On the other Kohlers,with mechanical pumps,one a KT series,and the other a K series,I could only get them to start above idle,if I ran a wire to the coil,directly from the battery. At idle,they started fine.
I changed the condensers,coils,etc. no change.Then,I replaced the plug wire,with an 8mm copper core,and it cured it.
On the newer ones,with the pointless ignition,I've found that sometimes the compression release sticks(when equipped),and also,if they have the carb solenoid,it's more prevalent.Never figured out why,though .


----------



## Country Boy (Mar 18, 2010)

I've been wondering if it has anything to do with the coil. At idle, the throttle plate is closed and the engine is taking in less air, thus making the compressed charge less dense, thus requiring less voltage to jump the gap on the plug. I got a good spark on the spark tester, but it was more white/yellow than blue/white. It was a nice, wide spark with a good kick behind it, though. As it stands now, the unit I was just working on now starts if you crank it with the choke fully activated for a second or two and then drop the throttle to full throttle to deactivate the choke. Do that and it'll pop right off. Still won't start with the choke on, though.
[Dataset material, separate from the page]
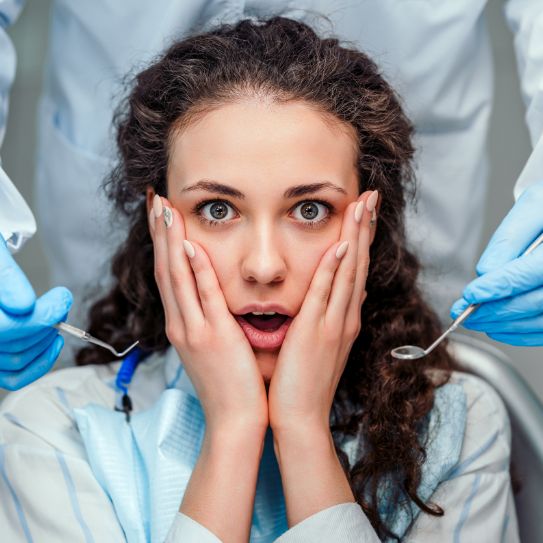 A woman in a dental chair showing a concerned expression with hands on her face.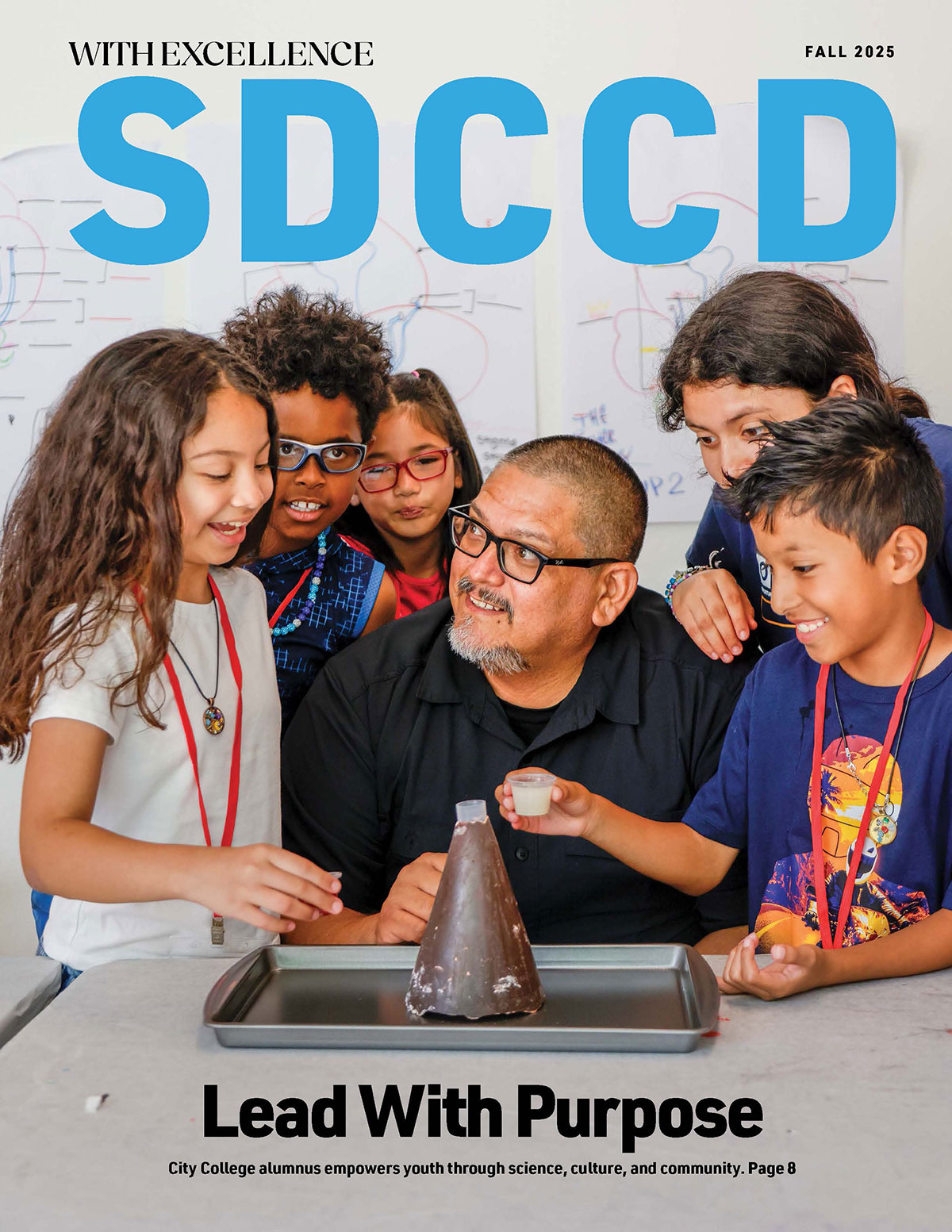 Cover of WE Magazine shows Beto Vasquez working on a volcano science project with five kids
Another thing I wondered about is all of these units have that semi-automatic choke system on them that Kohler had. The choke shaft has a spring built into it that allows the choke plate to open somewhat after the engine starts. Thinking back, I don't think any of the affected engines had just a standard choke shaft on them. The choke plate was closing fully when the lever was in the choke position, though.


----------



## jhngardner367 (Apr 5, 2011)

Try tis: Put the choke on,normally,and as it rolls close it,with your finger. If it starts right up,the choke may need an adjustment.


----------



## Country Boy (Mar 18, 2010)

I had checked the choke adjustment. With the lever in the full choke position, the choke linkage is moved as far as it can go. I tried moving it farther with my hand, but it was tight (i.e. fully closed).


----------



## skunkhome (Nov 30, 2008)

When cold both my 320000 series Briggs and my K341 start best at idle or with throttle slightly cracked. My brother who is 200 miles away has a 716 AC with a Briggs 320000 series and has been complaining that he cranks and cranks and it tajes forever to start. At my direction he has cleaned points, filter, changed fuel filter, plug and made adjustments to the idle fuel needle. There was some improvement but not much. I was concerned as he is not mechanical at all and I knew a carb overhaul was out of the question. Then he mentioned that he had the throttle wide open. I told him to try cranking with throttle closed and it cranked right up. He had been complaining of hard start since February 2013 when he got the tractor. He previously had a sears with a 20 or 22hp v twin that he always cranked at full throttle.


----------



## jhngardner367 (Apr 5, 2011)

I think some of them are just tempermental. 
Although,I did work on one for a customer,that had starting/running problems,that he said began when he moved to Michigan.
On a hunch,I changed the jets in the carb,and it straightened out. He lived in Denver,Colorado,and I presume the change in altitude caused it.
The carb wasn't the compensating model.


----------



## OldBuzzard (Jun 23, 2011)

jhngardner367 said:


> I think some of them are just tempermental. ...


I have 4 Bolens 1886s with the Kohler K482 in them and they all start a bit differently.

One needs full choke even on a 90* day, while another one will start at 32* with no choke. It has to start with no choke, and then just a quick open-close a couple of times until it warms up a bit. Keep the choke open too long and it dies.

Another one only needs 1/2 choke and 1/2 throttle, the last one, 1/2 choke and just a wee bit of throttle.

I've just learned to deal with their quirks.


----------